About this task: Leave the images out, and otherwise write out each entry exactly.

Extracted entries:
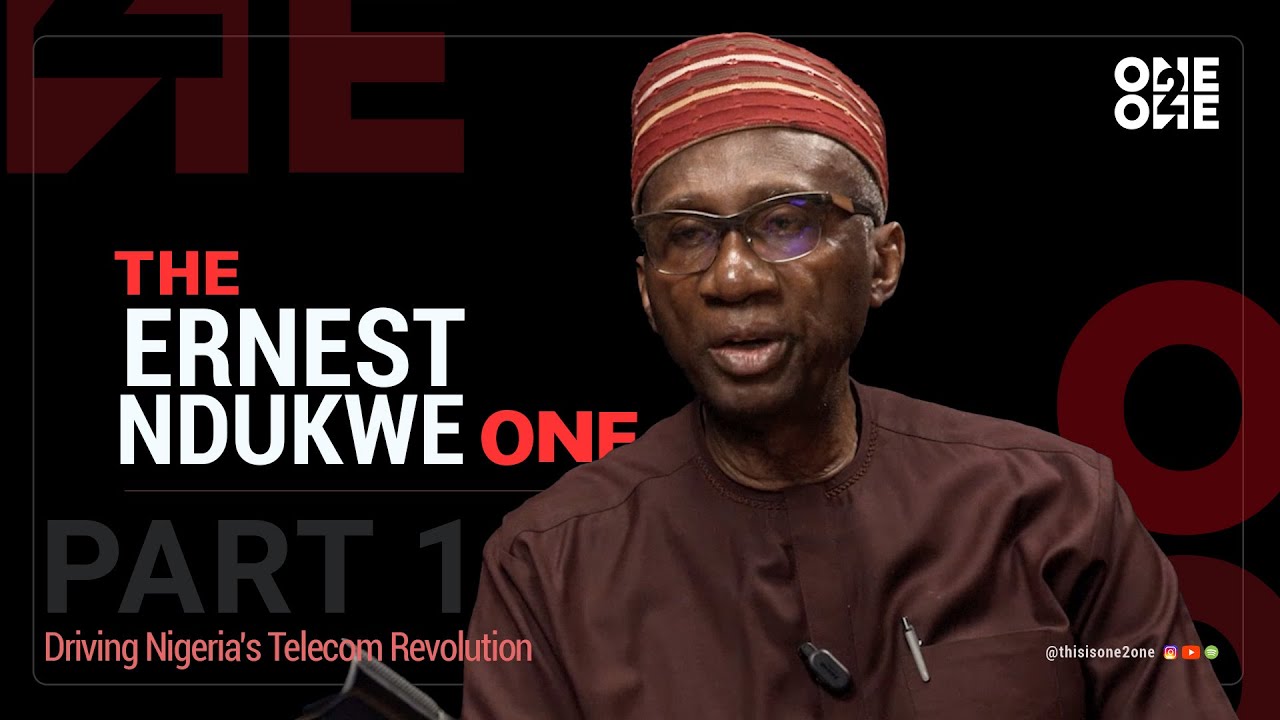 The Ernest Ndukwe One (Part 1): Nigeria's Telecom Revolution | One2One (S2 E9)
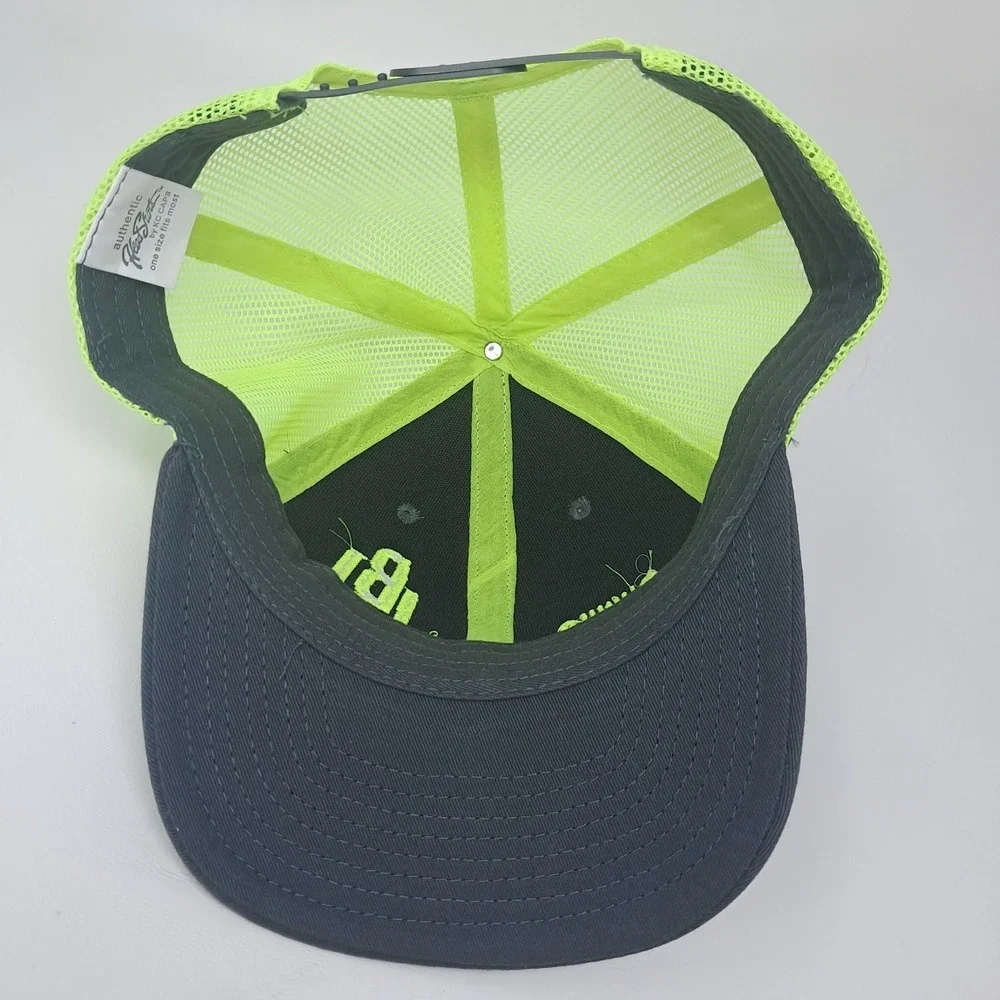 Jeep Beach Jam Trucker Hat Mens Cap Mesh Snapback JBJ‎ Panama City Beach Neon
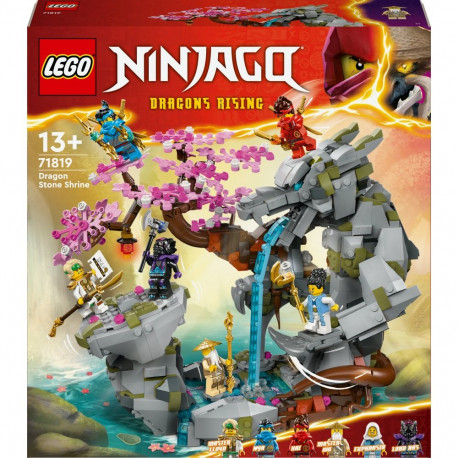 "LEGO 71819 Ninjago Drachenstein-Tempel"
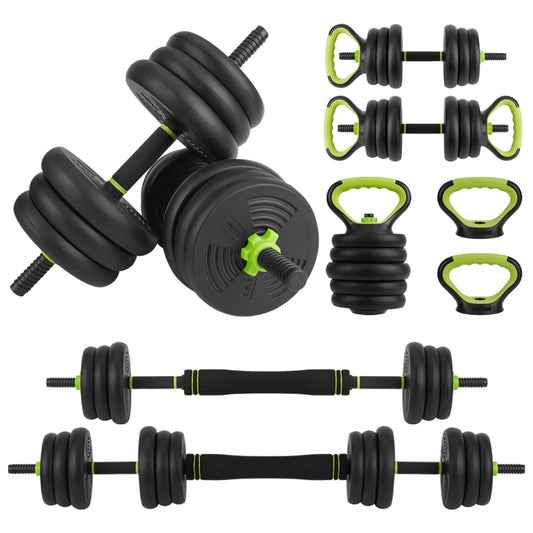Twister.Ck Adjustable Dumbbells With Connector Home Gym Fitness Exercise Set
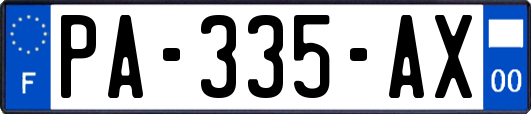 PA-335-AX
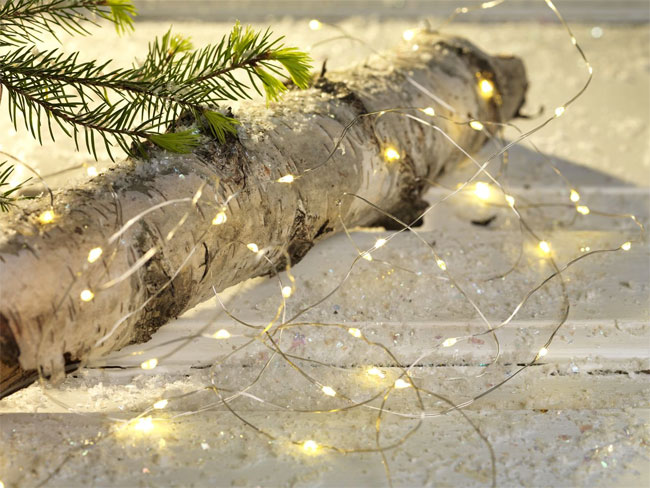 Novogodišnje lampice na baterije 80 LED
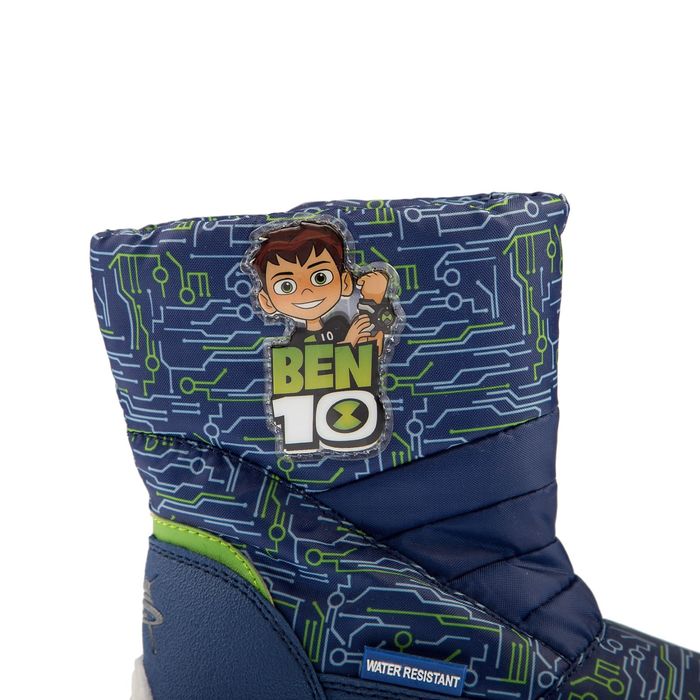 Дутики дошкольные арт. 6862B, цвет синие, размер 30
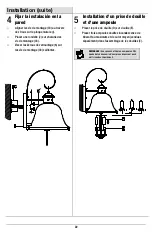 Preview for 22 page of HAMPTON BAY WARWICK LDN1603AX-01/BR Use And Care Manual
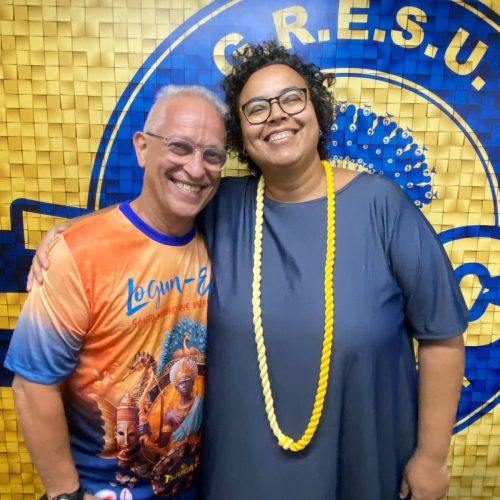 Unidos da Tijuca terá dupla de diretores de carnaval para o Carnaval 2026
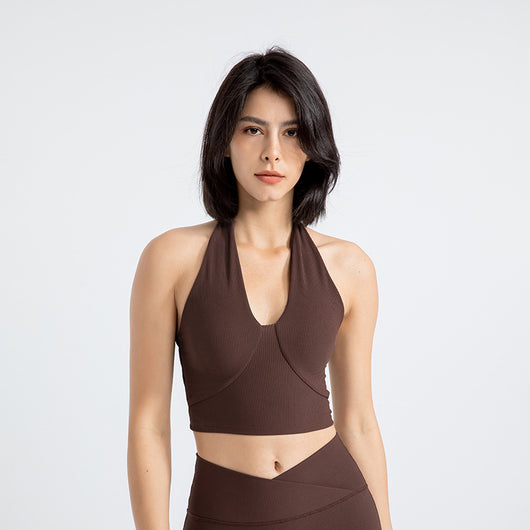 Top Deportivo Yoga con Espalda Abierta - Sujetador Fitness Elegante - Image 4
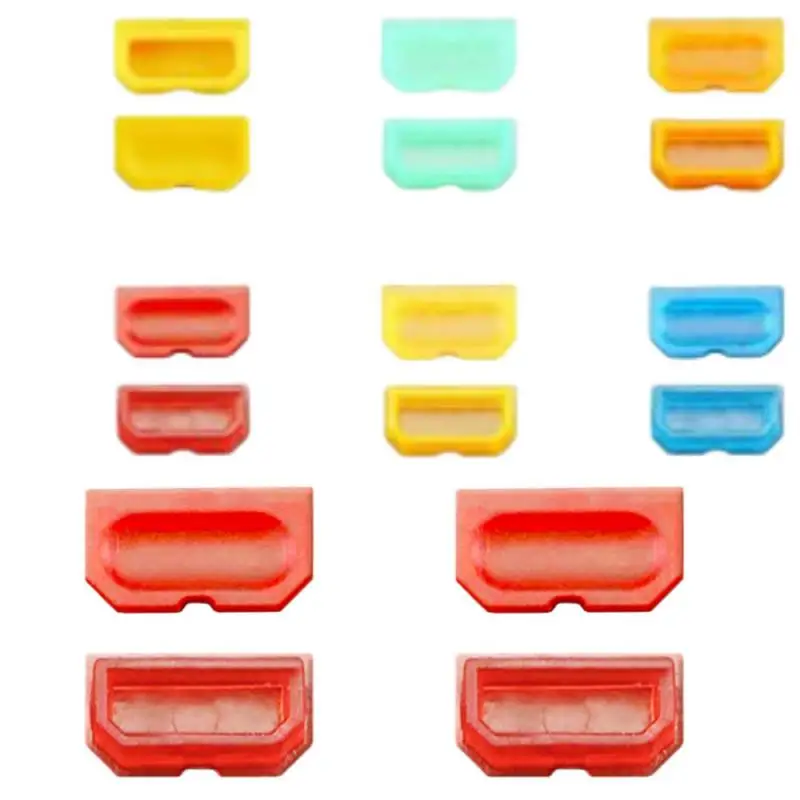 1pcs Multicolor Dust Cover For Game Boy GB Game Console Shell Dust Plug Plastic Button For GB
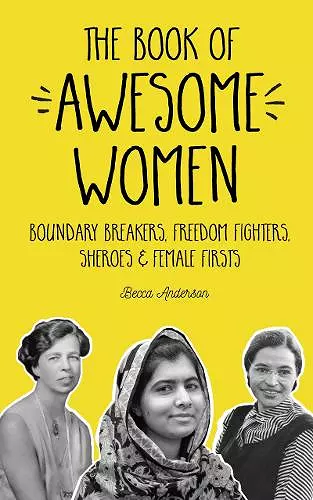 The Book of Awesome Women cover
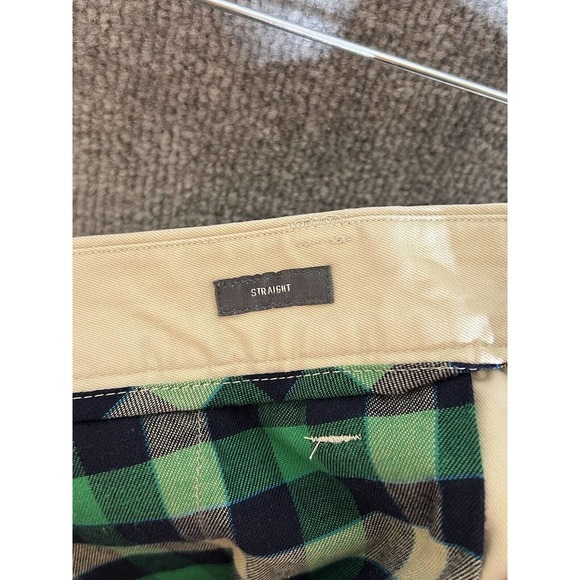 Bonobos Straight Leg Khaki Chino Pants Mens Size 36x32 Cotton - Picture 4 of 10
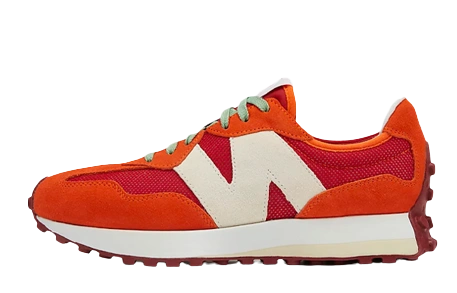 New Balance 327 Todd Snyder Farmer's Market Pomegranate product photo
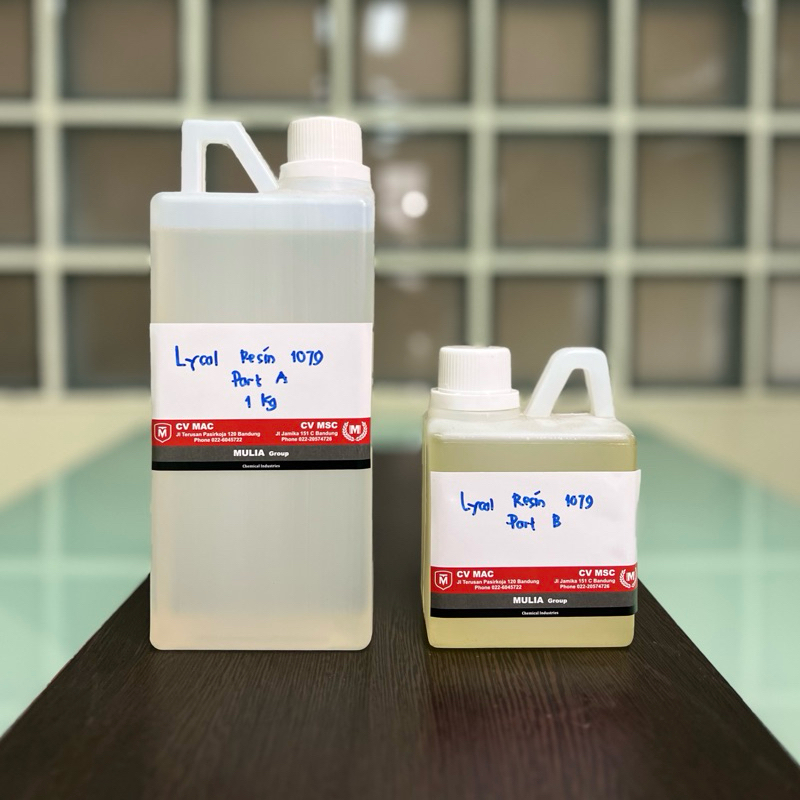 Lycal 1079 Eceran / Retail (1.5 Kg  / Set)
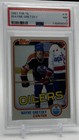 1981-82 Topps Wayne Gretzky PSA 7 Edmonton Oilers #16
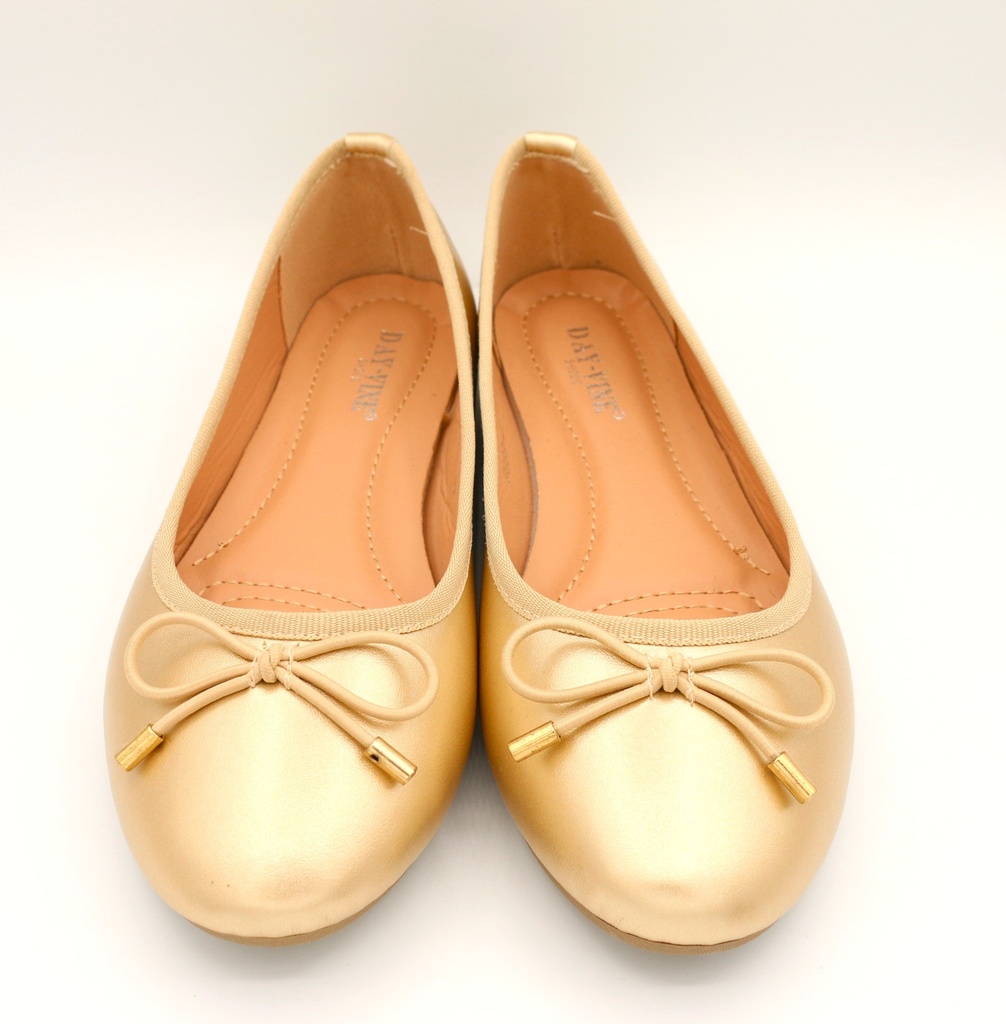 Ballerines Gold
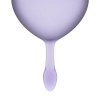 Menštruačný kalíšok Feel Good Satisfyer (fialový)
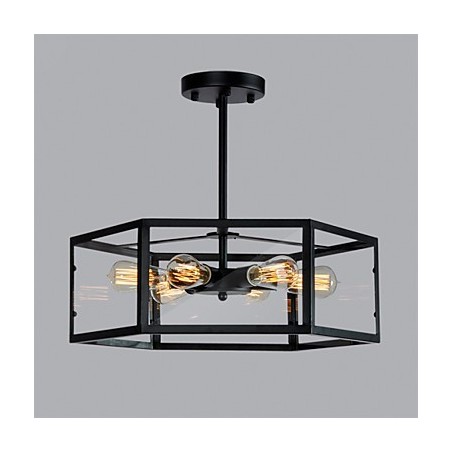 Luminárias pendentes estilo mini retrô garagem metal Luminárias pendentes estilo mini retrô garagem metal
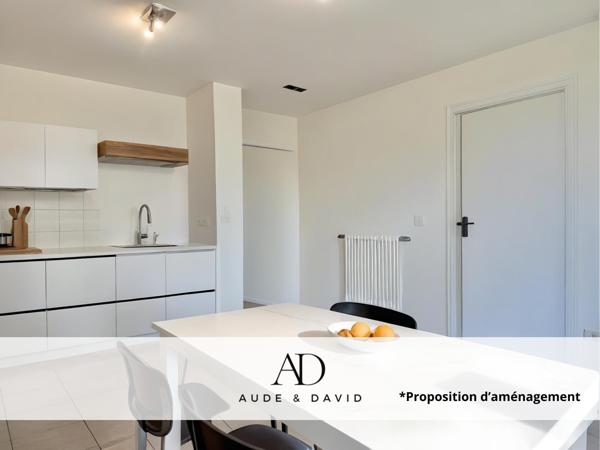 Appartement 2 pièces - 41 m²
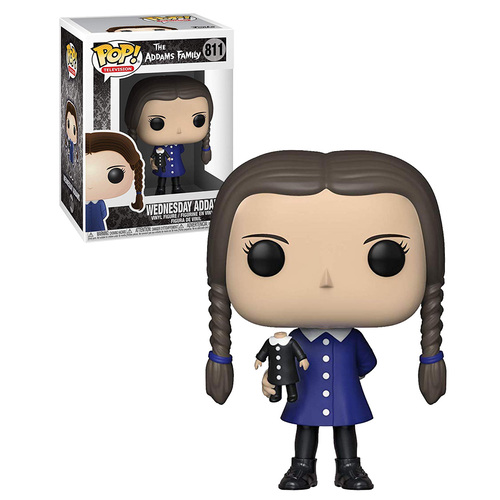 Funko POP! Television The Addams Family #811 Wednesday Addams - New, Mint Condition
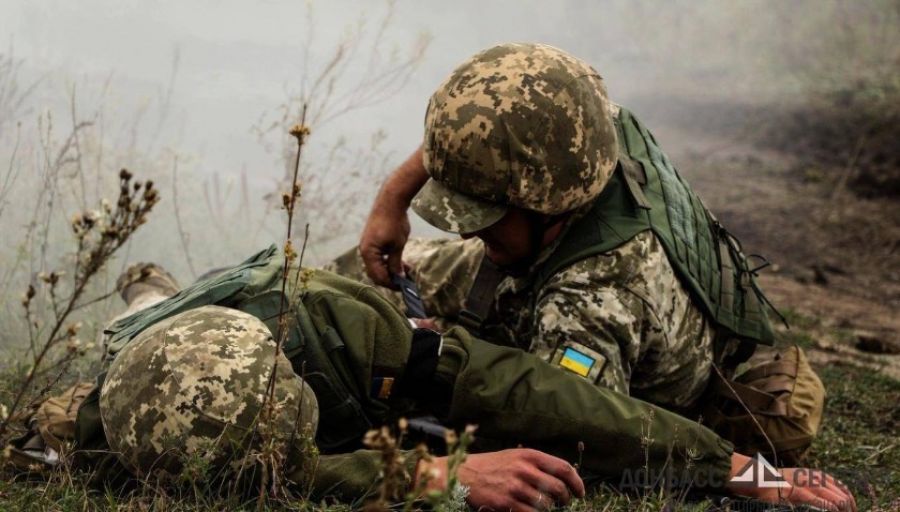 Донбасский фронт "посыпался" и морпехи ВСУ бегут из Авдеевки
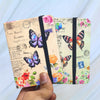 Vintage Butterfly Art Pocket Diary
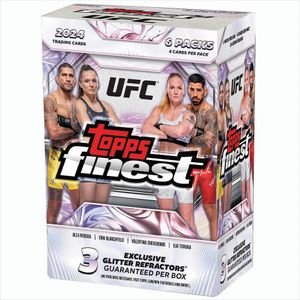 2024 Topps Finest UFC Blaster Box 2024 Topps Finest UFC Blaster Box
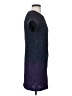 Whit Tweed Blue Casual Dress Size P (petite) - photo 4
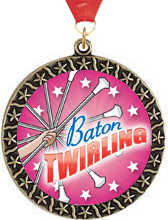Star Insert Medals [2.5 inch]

Answer section:
 The Ernest Ndukwe One (Part 1): Nigeria's Telecom Revolution | One2One (S2 E9)
 Jeep Beach Jam Trucker Hat Mens Cap Mesh Snapback JBJ‎ Panama City Beach Neon
 "LEGO 71819 Ninjago Drachenstein-Tempel"
Twister.Ck Adjustable Dumbbells With Connector Home Gym Fitness Exercise Set
 PA-335-AX
 Novogodišnje lampice na baterije 80 LED
 Дутики дошкольные арт. 6862B, цвет синие, размер 30
 Preview for 22 page of HAMPTON BAY WARWICK LDN1603AX-01/BR Use And Care Manual
 Unidos da Tijuca terá dupla de diretores de carnaval para o Carnaval 2026
 Top Deportivo Yoga con Espalda Abierta - Sujetador Fitness Elegante - Image 4
 1pcs Multicolor Dust Cover For Game Boy GB Game Console Shell Dust Plug Plastic Button For GB
 The Book of Awesome Women cover
 Bonobos Straight Leg Khaki Chino Pants Mens Size 36x32 Cotton - Picture 4 of 10
 New Balance 327 Todd Snyder Farmer's Market Pomegranate product photo
 Lycal 1079 Eceran / Retail (1.5 Kg  / Set)
 1981-82 Topps Wayne Gretzky PSA 7 Edmonton Oilers #16
 Ballerines Gold
 Menštruačný kalíšok Feel Good Satisfyer (fialový)
 Luminárias pendentes estilo mini retrô garagem metal Luminárias pendentes estilo mini retrô garagem metal
 Appartement 2 pièces - 41 m²
 Funko POP! Television The Addams Family #811 Wednesday Addams - New, Mint Condition
 Донбасский фронт "посыпался" и морпехи ВСУ бегут из Авдеевки
 Vintage Butterfly Art Pocket Diary
 2024 Topps Finest UFC Blaster Box 2024 Topps Finest UFC Blaster Box
 Whit Tweed Blue Casual Dress Size P (petite) - photo 4
Star Insert Medals [2.5 inch]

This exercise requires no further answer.